Lloyd Cole ‘1D’ (Bureau B)

Unfinished modular sketches from the notebook of one of electronica’s more unlikely adherents

There’s an amusing New Yorker cartoon doing the rounds on social media; two middle-aged guys are looking at an expensive hi-fi and the caption reads, “The two things that really drew me to vinyl were the expense and the inconvenience”. The gag may as well be about modular synthesis. Building a modular system takes time, is costly, and the finished product (if it ever is finished – modular is like crack to synth heads) is notoriously difficult to control.

In the liner notes for ‘1D’, a record created solely with modular, Lloyd Cole explains that much of his creative life lately has been spent in front of a computer screen, and he wanted to break free from it. That, and his desire for a new process for his collaboration with Roedelius, meant he got into modular. This led to their 2013 release, ‘Selective Studies Volume 1’, which in turn brings us to this album.

‘1D’ is a collection of demos, experiments, modular system learning curves being ascended, and close-but-no-cigar rejections Cole made in preparation for the collaboration.
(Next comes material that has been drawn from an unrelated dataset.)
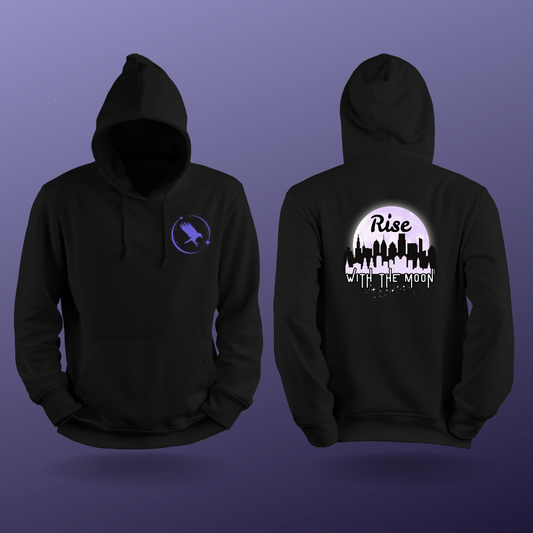 "Rise with the Moon" Unisex Heavy Blend Hooded Sweatshirt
As part of Bureau B’s canny belief that process is as as valid as finished product, it encouraged Cole to dig out these demos for release. The label has some previous with this kind of nosy archival smash and grab, recently truffling through Conrad Schnitzler’s vault for goodies and innocently asking Karl Bartos if he had any tapes up in the loft from his Kraftwerk days (he did, and the result was 2013’s splendid ‘Off The Record’).

Modular systems allow dissonance – you can soon start spitting out non-standard scales of voltage controlled note generation – but Cole’s melodic instinct has kept him from pursuing that path, instead inspiring a series of tuneful and gentle pieces. In some places, ‘1D’ is like an analogue update of Mark Mothersbaugh’s ‘Muzik For Insomniaks’ series, a couple of 1980s albums of improvised/generative music created within the digital workflow of the Fairlight. And like ‘Muzik For Insomniaks’, ‘1D’ is appealing and listenable, with enough space in it to be considered ambient, but with more rhythm and melody – more organisation – than you’d usually expect from baby-step experimental noodlings with modular.

This is certainly not a record for the casual listener, and you have to wonder what Cole’s core audience will make of the relatively challenging fare, much like when Led Zeppelin’s John Paul Jones decided to make a pretty confrontational electronic noise project in 2014 (Minibus Pimps’ ‘Close To Ground’). Zep completists must have been sorely tested by that particular outing. However, from our perspective, it looks like Lloyd Cole has discovered an authentic voice with electronic music, and his search for a new process has paid off.